What Is The Case About?

From 1971 to late 1994, the state of Washington funded foster group home placements for boys between 10 and 17 years old at the Olympia Kiwanis Boys Ranch, also known as the O.K. Boys Ranch or OKBR, and the Kiwanis Vocational Home or KVH, later rebranded as the Coffee Creek Center.

Under the supervision of the Washington State Department of Social and Health Services (DSHS), these group homes became houses of horror.
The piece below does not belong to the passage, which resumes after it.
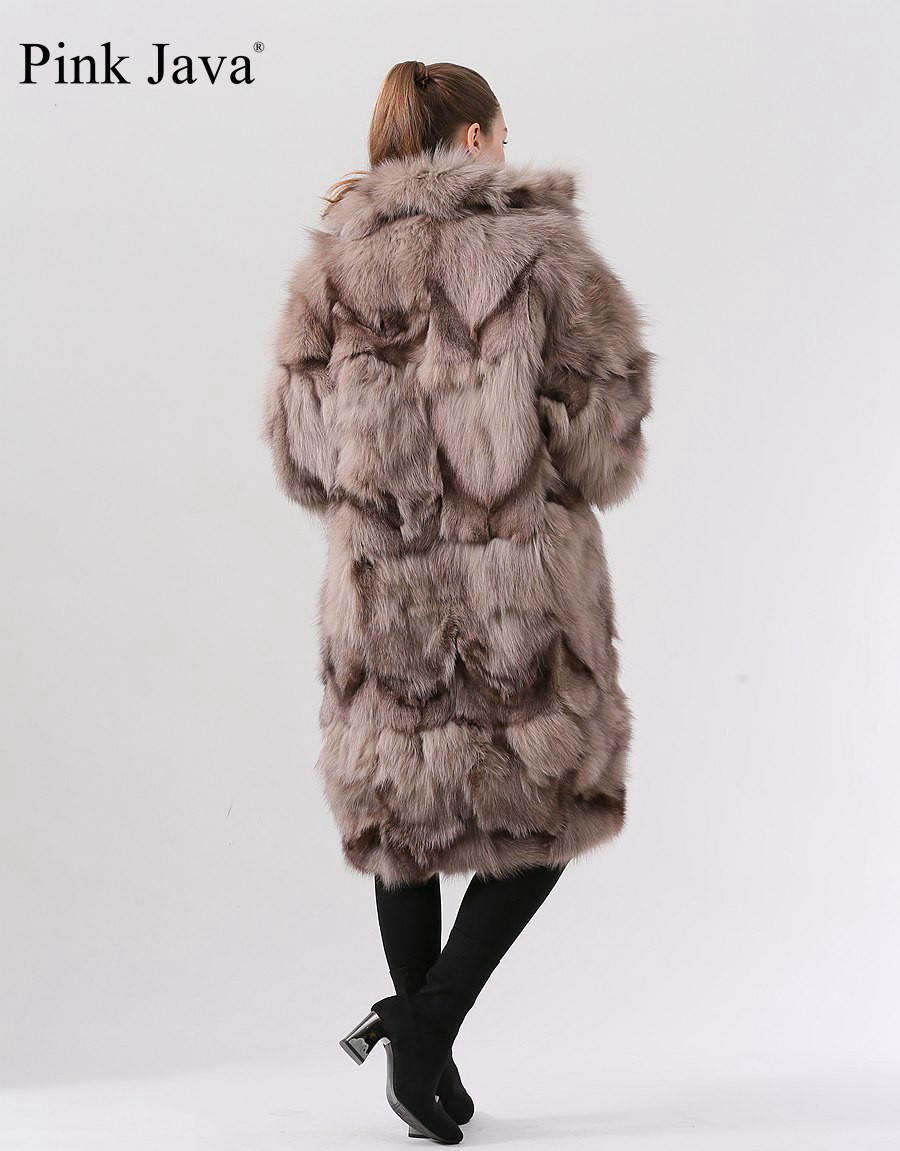 Womens Fur Faux Ppink Java QC19036 Real Fur Coat Women Winter Fashion Jacket Long 220929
Olympia Kiwanis Boys Ranch (OKBR)

The Olympia Kiwanis Club launched the OKBR in 1971. Starting with 13 boys between 11 and 16 years old, it eventually housed more than 70 boys at a time, some as young as 10. Abuse at the OKBR was both rampant and flagrant. The home was shut down in late 1994 amid countless allegations of abuse. A local news story from 1995 described it as:

“a place where newcomers were ‘initiated’ with group beatings; where punishment included ‘open season,’ a sanctioned invitation for other kids to pummel an offending child; where the assistant director thought it was ‘fun’ for the boys to scramble for cigarettes tossed from an upstairs window; where the youngest and most vulnerable lay awake expecting to be raped by their housemates; where, after all that, a child so young he needed help to make a phone call could run away and beg — unsuccessfully — to be taken anywhere but back to the O.K. Boys Ranch.”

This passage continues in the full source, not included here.